Brussels (ANTARA) - Pakta Pertahanan Atlantik Utara (/NATO) perlu "meningkatkan produksi" amunisinya karena tingkat penggunaan Ukraina telah menipiskan kapasitas saat ini dan menguras persediaan yang ada, kata Sekretaris Jenderal NATO Jens Stoltenberg pada Senin (13/2).

Konflik di Ukraina "menghabiskan sangat banyak amunisi dan menipiskan persediaan (amunisi) sekutu (NATO)," kata Stoltenberg kepada wartawan menjelang pertemuan menteri pertahanan negara-negara anggota NATO.

"Tingkat pengeluaran amunisi Ukraina saat ini jauh lebih tinggi dibandingkan tingkat produksi kami saat ini. Ini membuat industri pertahanan kami berada di bawah tekanan," ucapnya.

Stoltenberg mengatakan waktu tunggu amunisi kaliber besar saat ini telah meningkat dari 12 bulan menjadi 28 bulan.

"Pesanan yang masuk hari ini baru akan tersedia dua setengah tahun kemudian. Jadi, kami perlu menggenjot produksi dan berinvestasi pada kapasitas produksi kami," ujarnya.

Pada Selasa (14/2), para menteri pertahanan NATO akan membahas permintaan Ukraina yang ingin mendapatkan lebih banyak pasokan senjata.

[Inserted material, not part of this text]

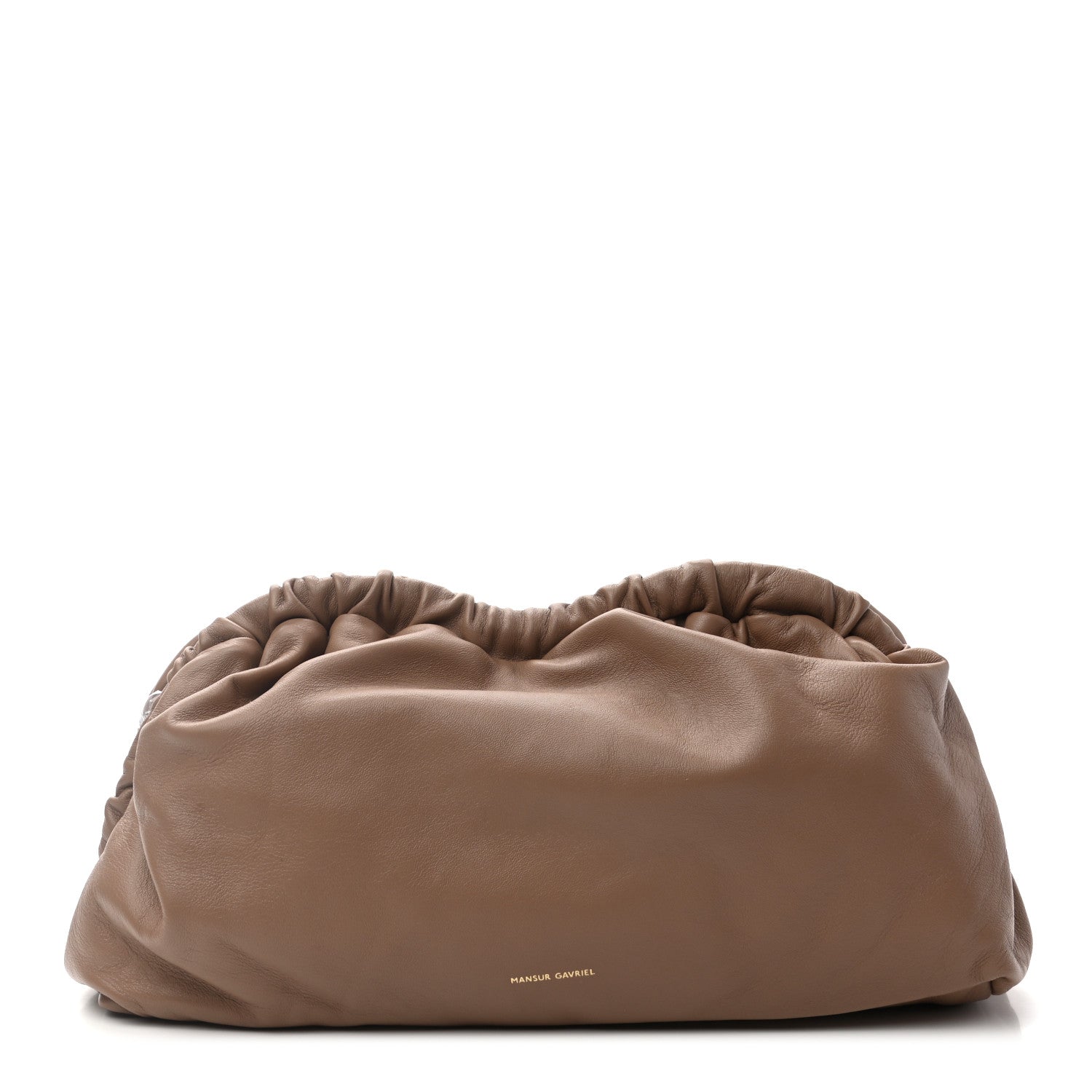 Mansur Gavriel Lambskin Cloud Clutch Biscotto 1 of 6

Menteri Pertahanan Ukraina Oleksii Reznikov akan bergabung dalam pertemuan Kelompok Kontak yang dipimpin Amerika Serikat (AS) untuk Ukraina dan dalam pertemuan menteri pertahanan NATO.

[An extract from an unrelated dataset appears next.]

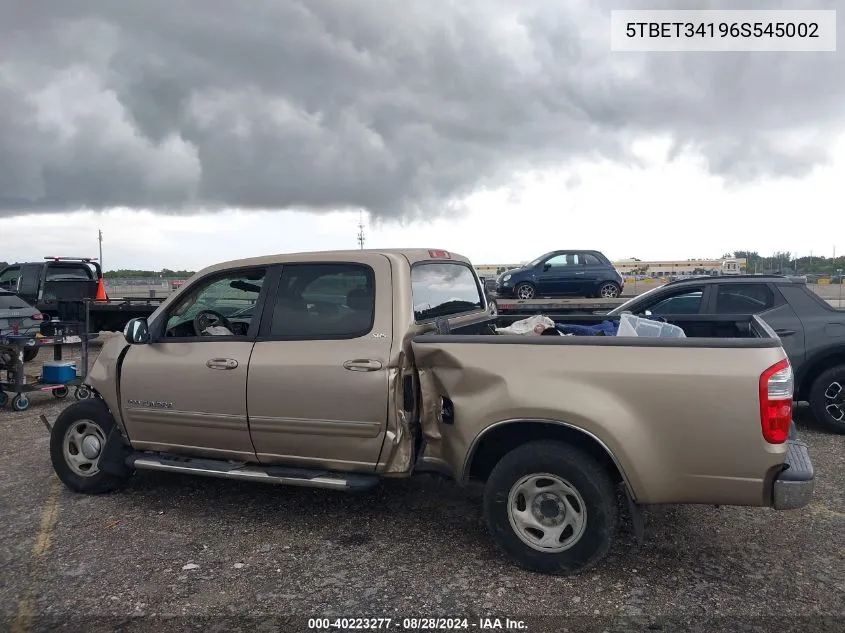 2006 Toyota Tundra Sr5 V8 VIN: 5TBET34196S545002 Lot: 40223277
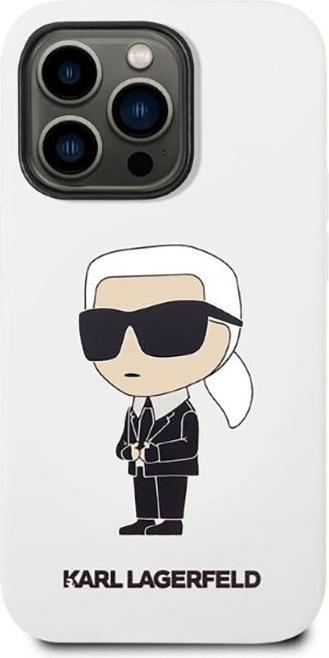 Actual product image Karl Lagerfeld iPhone 14 Pro Max Liquid Silicone Ikonik NFT Case (Apple iPhone 14 Pro Max)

Stoltenberg mengatakan bahwa aliansi tersebut telah memutuskan untuk membentuk sel koordinasi baru di Markas Besar NATO guna mendukung upayanya mencegah dan melawan ancaman terhadap infrastruktur penting, termasuk kabel dan jalur pipa bawah laut.

Dalam beberapa laporan pers, Angkatan Laut AS belakangan dituding terlibat dalam serangan pada September 2022 yang menyasar jalur pipa gas Nord Stream di zona ekonomi eksklusif Swedia dan Denmark di bawah Laut Baltik, yang dibangun untuk mengalirkan gas alam dari Rusia ke Jerman.

Wartawan investigasi AS Seymour Hersh dalam beberapa hari terakhir menuding para penyelam Angkatan Laut AS meledakkan bahan peledak di bawah jalur pipa tersebut selama latihan maritim Operasi Baltik 2022 NATO.